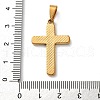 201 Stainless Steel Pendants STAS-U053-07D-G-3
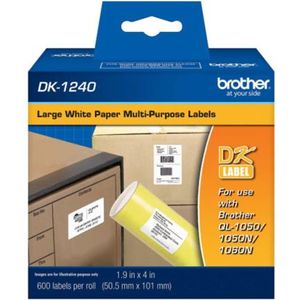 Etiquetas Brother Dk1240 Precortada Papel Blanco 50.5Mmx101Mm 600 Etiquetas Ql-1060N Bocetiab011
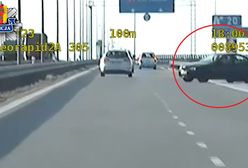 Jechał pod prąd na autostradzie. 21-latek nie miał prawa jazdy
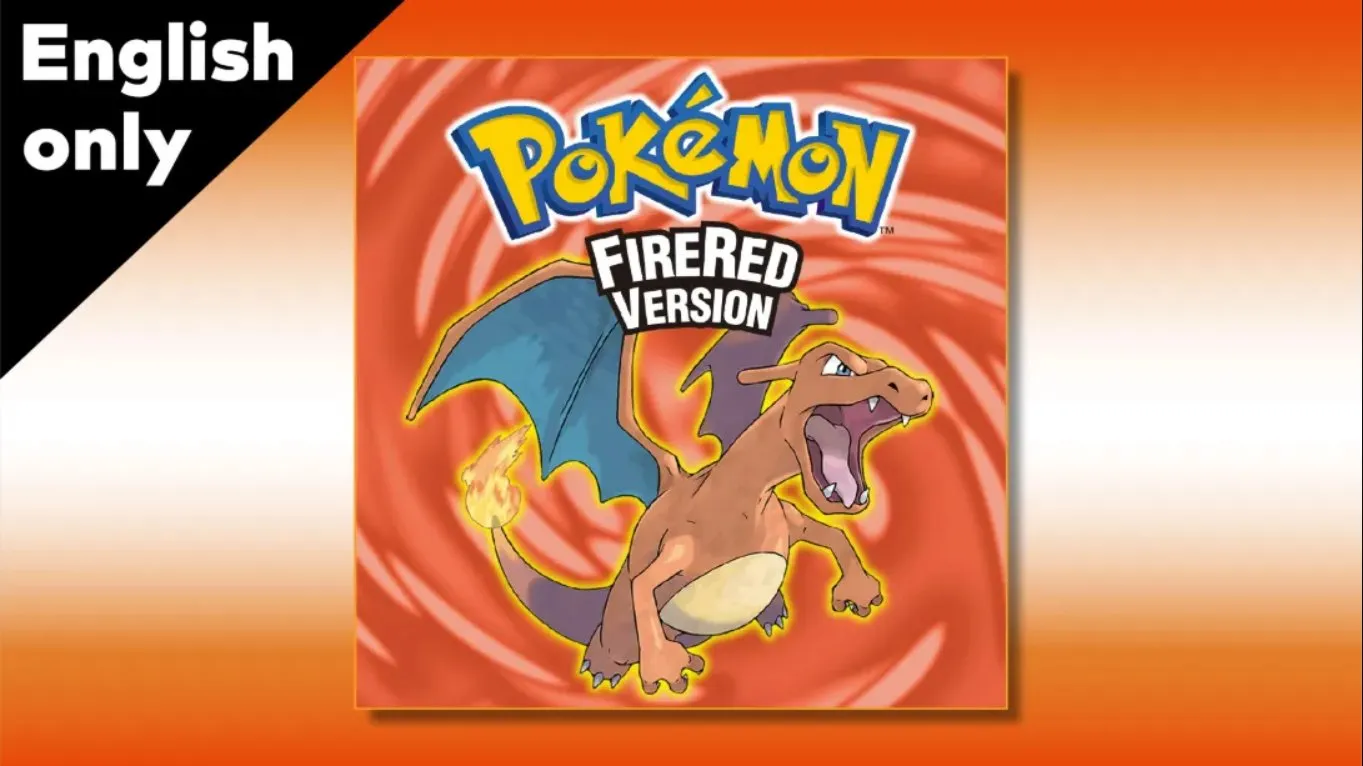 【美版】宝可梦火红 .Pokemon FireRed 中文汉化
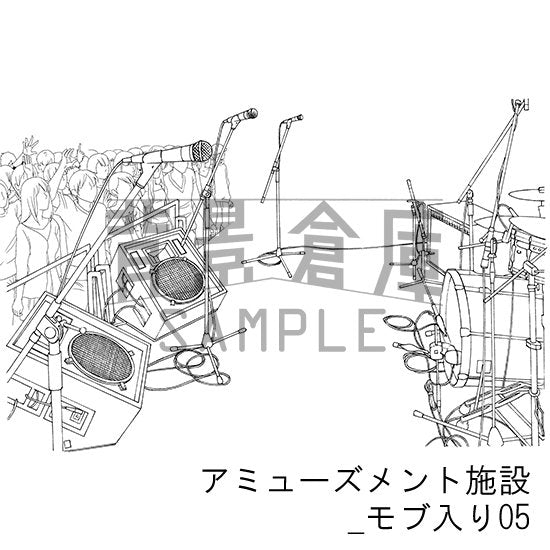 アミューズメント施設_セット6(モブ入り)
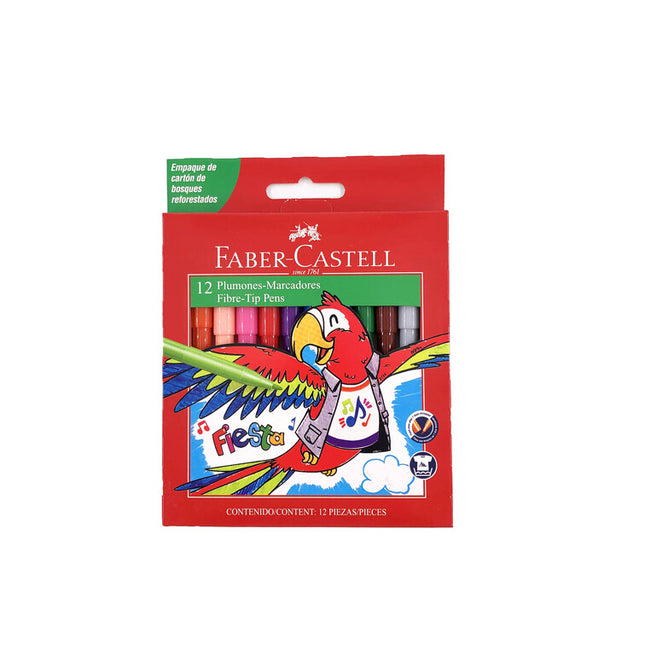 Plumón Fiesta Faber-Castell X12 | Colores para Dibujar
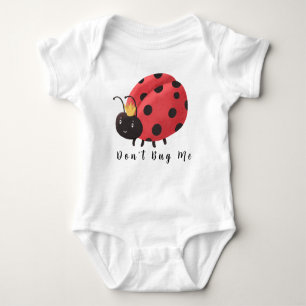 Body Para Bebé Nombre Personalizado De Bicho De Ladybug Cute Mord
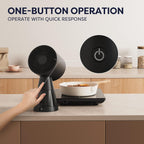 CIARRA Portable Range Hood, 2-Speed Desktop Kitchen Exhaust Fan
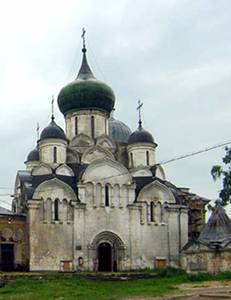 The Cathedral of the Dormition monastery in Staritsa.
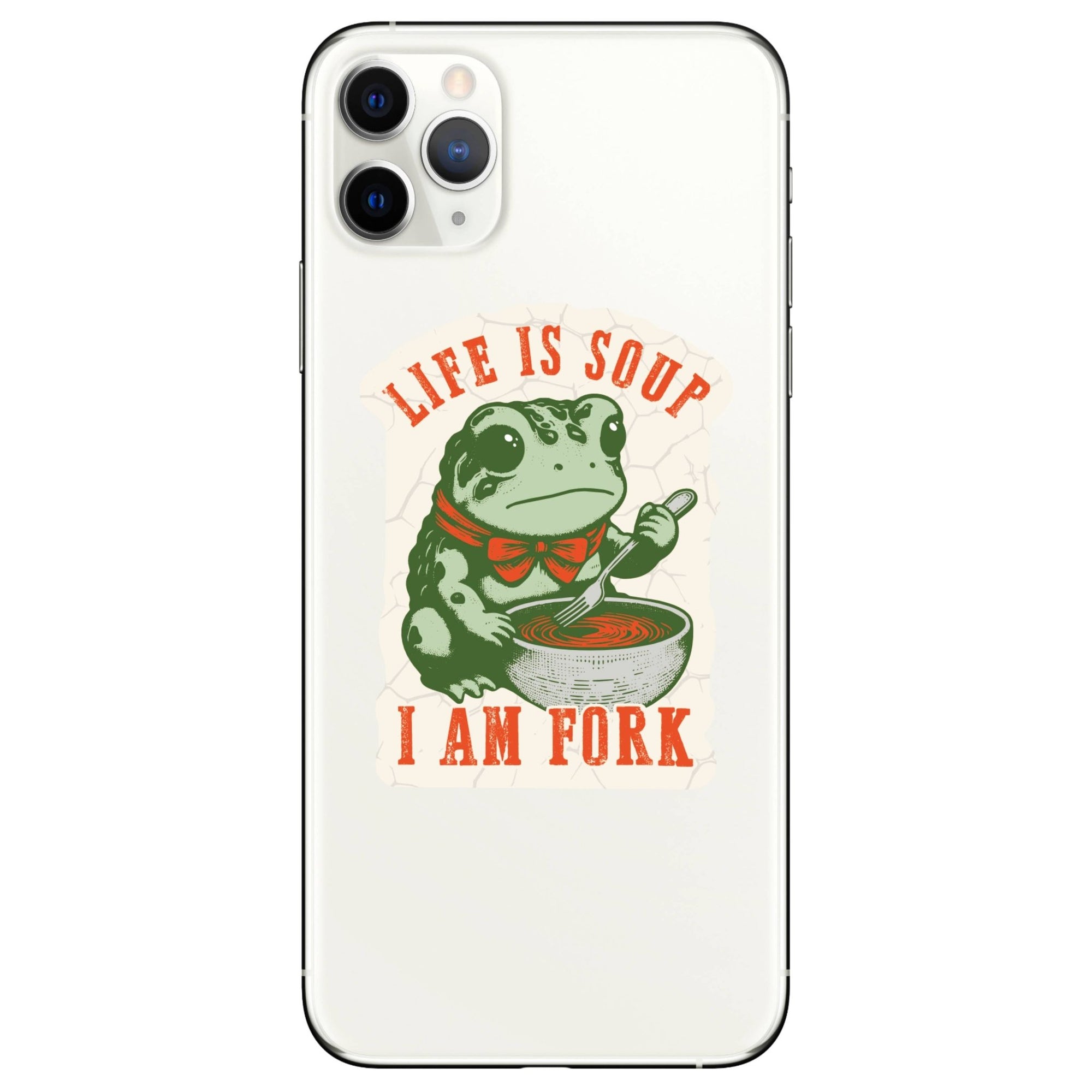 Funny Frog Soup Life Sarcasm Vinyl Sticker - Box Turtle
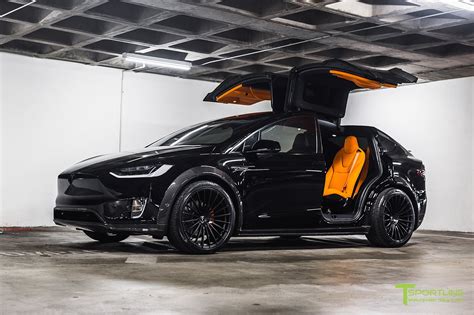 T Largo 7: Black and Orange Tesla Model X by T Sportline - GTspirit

########################################

_What you should do_:
Print only the lines running from the line that contains "Funny Frog Soup" to the final line of the listing, both included. Omit every picture.

_Answer section_:
 Funny Frog Soup Life Sarcasm Vinyl Sticker - Box Turtle
 T Largo 7: Black and Orange Tesla Model X by T Sportline - GTspirit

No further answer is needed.